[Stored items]
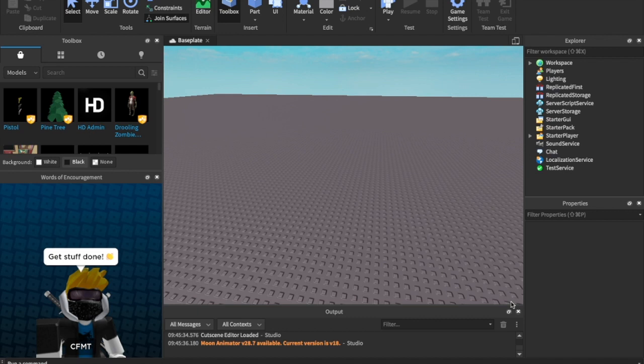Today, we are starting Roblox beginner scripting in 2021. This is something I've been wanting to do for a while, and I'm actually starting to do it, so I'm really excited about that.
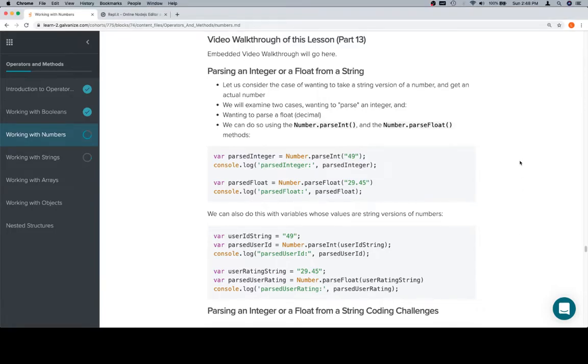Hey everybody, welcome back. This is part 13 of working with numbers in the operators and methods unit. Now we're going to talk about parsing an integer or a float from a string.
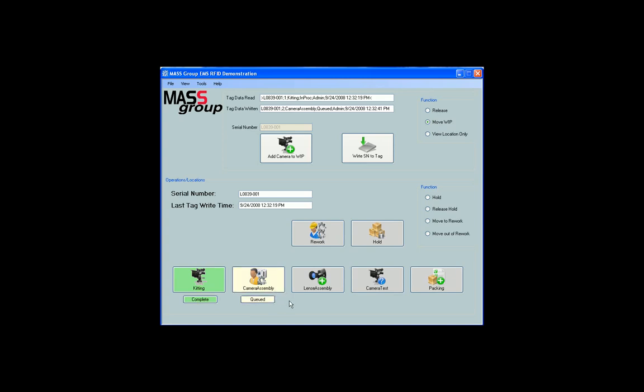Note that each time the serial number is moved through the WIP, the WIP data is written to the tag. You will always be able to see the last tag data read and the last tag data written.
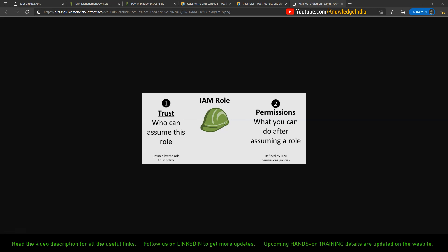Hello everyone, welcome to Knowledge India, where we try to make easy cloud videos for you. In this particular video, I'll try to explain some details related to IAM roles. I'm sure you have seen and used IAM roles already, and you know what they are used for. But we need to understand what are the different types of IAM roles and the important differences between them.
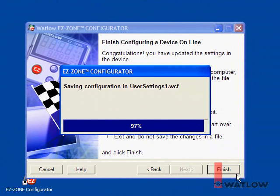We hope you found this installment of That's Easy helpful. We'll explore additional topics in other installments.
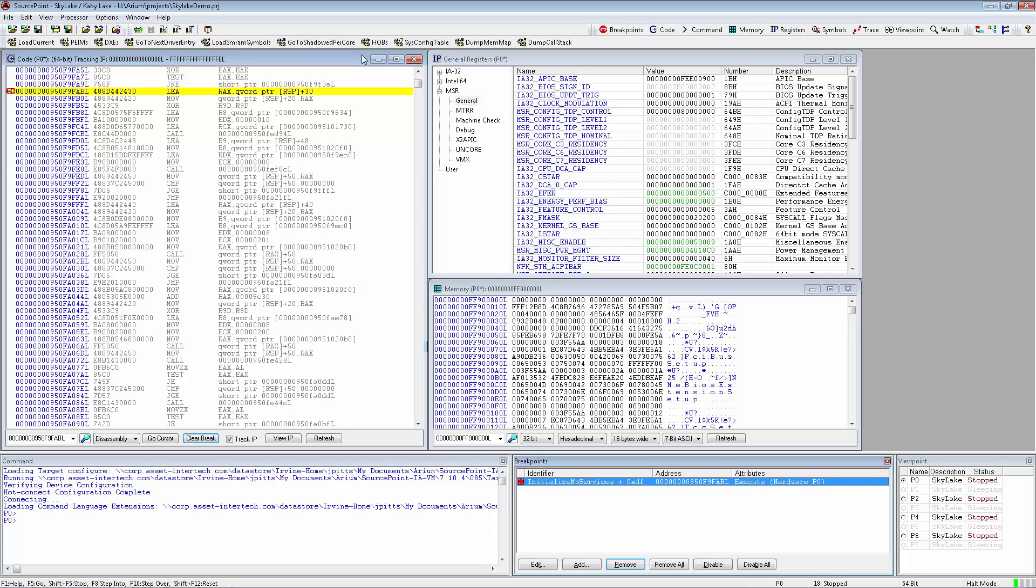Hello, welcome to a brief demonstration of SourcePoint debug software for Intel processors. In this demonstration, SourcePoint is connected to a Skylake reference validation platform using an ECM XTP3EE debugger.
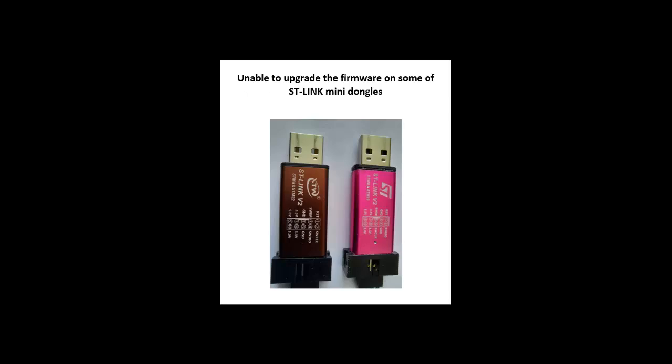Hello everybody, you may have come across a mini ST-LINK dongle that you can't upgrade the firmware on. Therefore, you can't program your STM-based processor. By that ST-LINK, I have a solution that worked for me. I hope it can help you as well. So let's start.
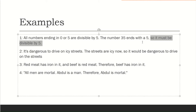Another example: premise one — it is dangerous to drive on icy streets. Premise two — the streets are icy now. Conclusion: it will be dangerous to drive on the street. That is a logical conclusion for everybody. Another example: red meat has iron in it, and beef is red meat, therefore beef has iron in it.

WORK INSTRUCTION -> Look above for the line containing "Hey everybody, welcome", then copy exactly from it through the line containing "Note that each", keeping both and leaving out pictures. Add nothing else.

RESULT ->
Hey everybody, welcome back. This is part 13 of working with numbers in the operators and methods unit. Now we're going to talk about parsing an integer or a float from a string.
Note that each time the serial number is moved through the WIP, the WIP data is written to the tag. You will always be able to see the last tag data read and the last tag data written.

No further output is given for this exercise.